Bottom line: the global fiscal stimulus should be about two percent of world GDP – or $1.2trn, he said. “This may make a sizable difference to global growth prospects and substantially reduce the risks of a damaging global recession. But these two percent are an average, while some countries can’t do anything, others have to do more.”
So far, Keynes would approve. Mr Strauss-Kahn also said spending should be focused on troubled sectors like housing and finance and transfers to low-income households, because they are most likely to face credit constraints and because they would be most likely to raise their spending. Good examples would be greater higher unemployment benefits, increased tax benefits for low-wage earners, and expansion of in-kind benefits covering basic needs such as food, he said. He talked about the “multiplier effect”, whereby spending in certain areas is thought to give a higher bang for the buck. He also pointed to the value of investment spending, on areas such as state-funded capital projects. “Since the slowdown is expected to be long lasting, investment spending, which typically has a longer gestation period than many other measures, becomes a more appropriate policy tool in the current circumstances,” he said. “Investment projects that are already in the works and can be implemented quickly, and those with good long-run justification and likely positive effects on expectations of future growth, like President-elect Obama’s Manhattan Project for energy saving, are good ideas.” Again, all very Keynesian.
Temporary reductions in personal income and sales taxes “could also be envisaged,” he continued. “But we would not recommend reduction in corporate tax rates, dividends and capital gains taxes or special incentives for businesses. These are likely to be ineffective and difficult to reverse.” Not very neoliberal.
So perhaps the IMF has returned to its roots after all? “Good brakes are important too,” Mr Strauss-Kahn cautioned, and even advanced economies need to keep an eye on fiscal sustainability, in case their spending provokes an adverse reaction from the financial markets. But “At present, the most urgent need is for a strong foot on the accelerator of fiscal spending,” he said.
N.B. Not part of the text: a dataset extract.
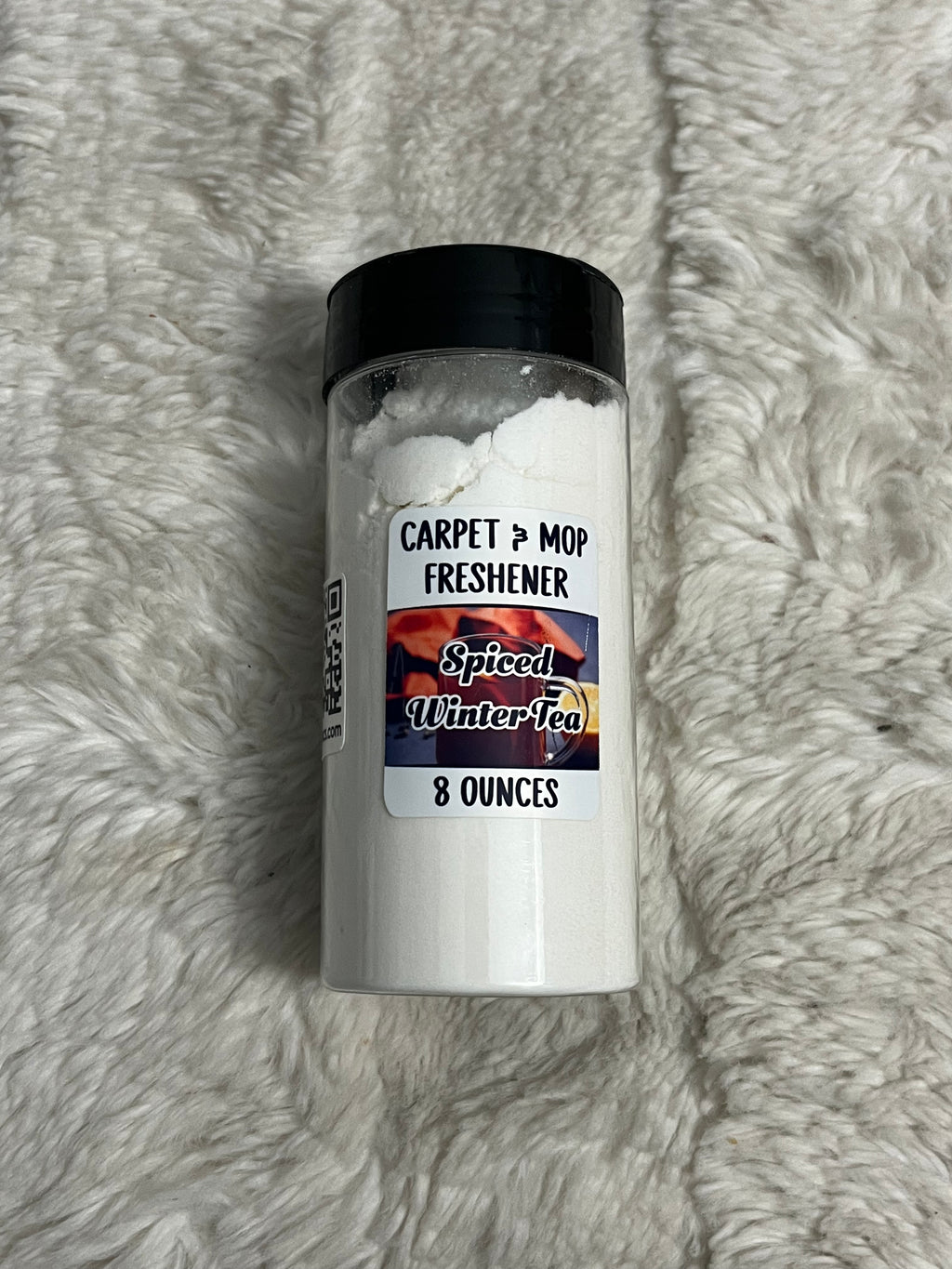 Spiced Winter Tea Carpet & Mop Freshener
In a sense, it doesn’t really matter what the IMF’s exact role is. “What matters is that we make a useful contribution,” said Mr Strauss-Kahn. “We have the tools to do that. If we deploy them well, and help our members, then the IMF will have a good future. More importantly, it will be doing its job, and therefore give the world a better future. All around the planet, the people of the world have reacted to the crisis with feelings going from surprise to anger and from anger to fear. It is our responsibility to help building a world based more on humanity and cooperation than on opacity and greed.” Keynes would certainly approve of that.